Мы стоим некоторое время молча. В Ельне вечереет, где-то далеко и ровно гудит циркулярная пила. Лает собака. Хотя она лает весь наш разговор, и, наверное, вообще целый день: голос хриплый уже. Кажется, что скоро будет дождь. Мне ехать до Смоленска, я думаю что хорошо бы успеть до его начала… Михаил Алексеевич замечая мой взгляд в небо, тоже смотрит и говорит, что наверное скоро польёт, а затем продолжает:

—…Так вот липу я когда завалил, сделал из неё шестнадцать шаек для бани. Цельных. И тридцать ковшей. Из липы. Все разошлись. А какие из этого дуба я табуреточки сделал, это вообще сказка!

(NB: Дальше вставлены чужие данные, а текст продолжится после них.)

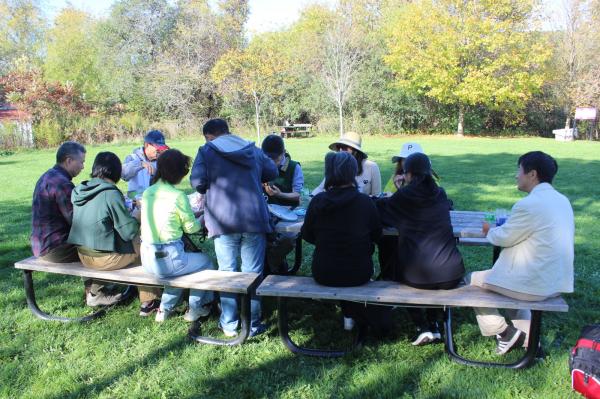 1761606549696402.jpg _4-合影-Oliver 泡茶.jpg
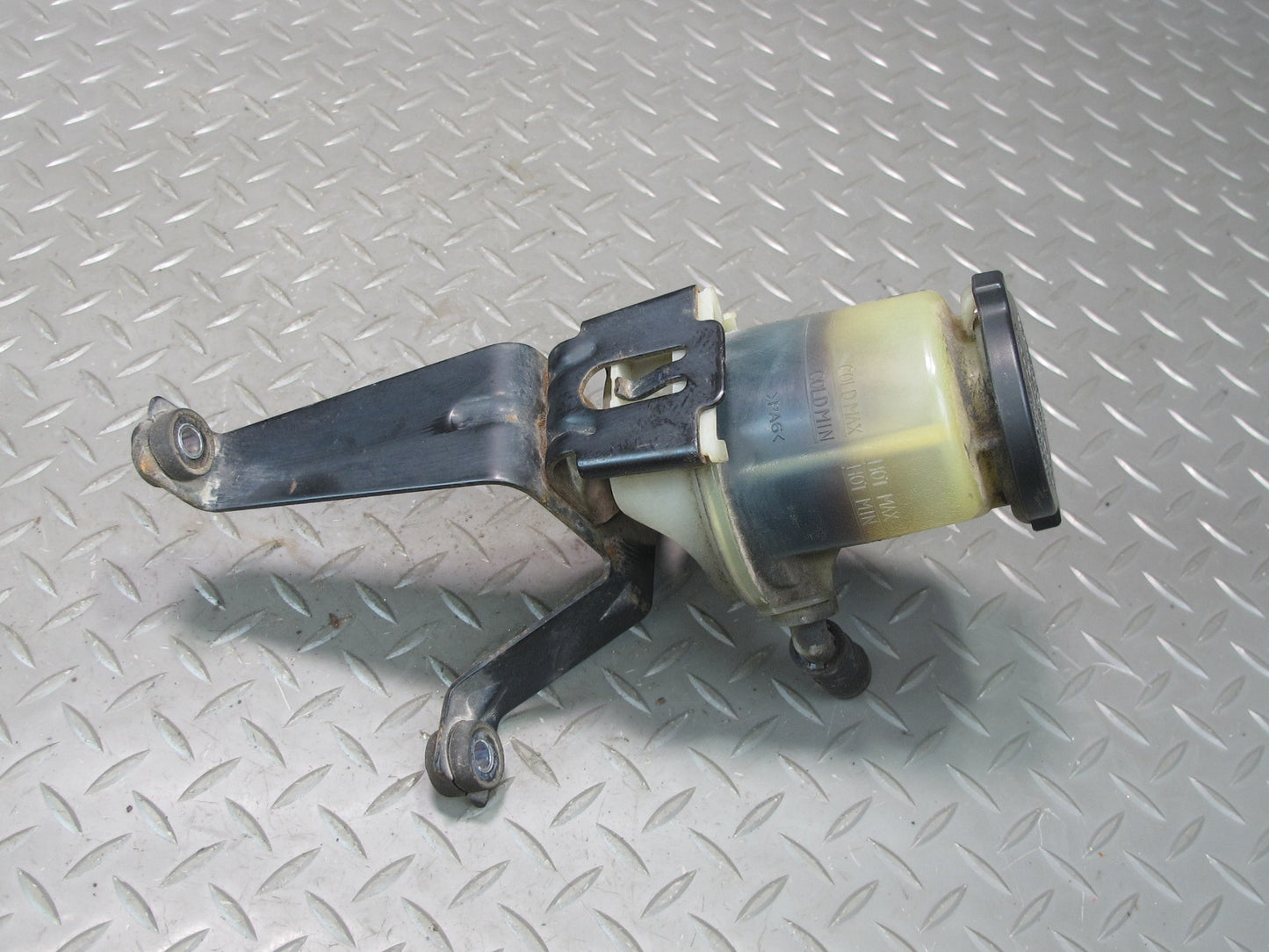 2003-2009 Lexus GX470 Power Steering Fluid Reservoir Bottle Tank W/ Bracket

А журнальный столик — вот где он сейчас?… В музее где-то стоит наверное…
— Что за столик такой? — удивляюсь.
—  Где-то в музее или в Москве или в Ленинграде. Сделан он из цельного дерева: такое дерево — он показывает обхват — 60 сантиметров примерно, витая подставка и на ней столешница. Он вырезан из цельного бревна. Девять месяцев я резал… — и без перехода добавляет — Ладно, ехать вам пора, дождь будет…
— Ладно, — соглашаюсь я. — Дай вам Бог здоровья!
— Даст! Скоро повстречаемся с Кудасовым! — смеётся.
— Почему с Кудасовым?
— Ну как? Помните как в фильме: Кудасова давно беляки пристрелили и знают, что нету его. Ну и говорят: «Мы сейчас тебя отправим к Кудасову»… Так что все мы встретимся у Кудасова! Ладно! Давайте, приезжайте в гости!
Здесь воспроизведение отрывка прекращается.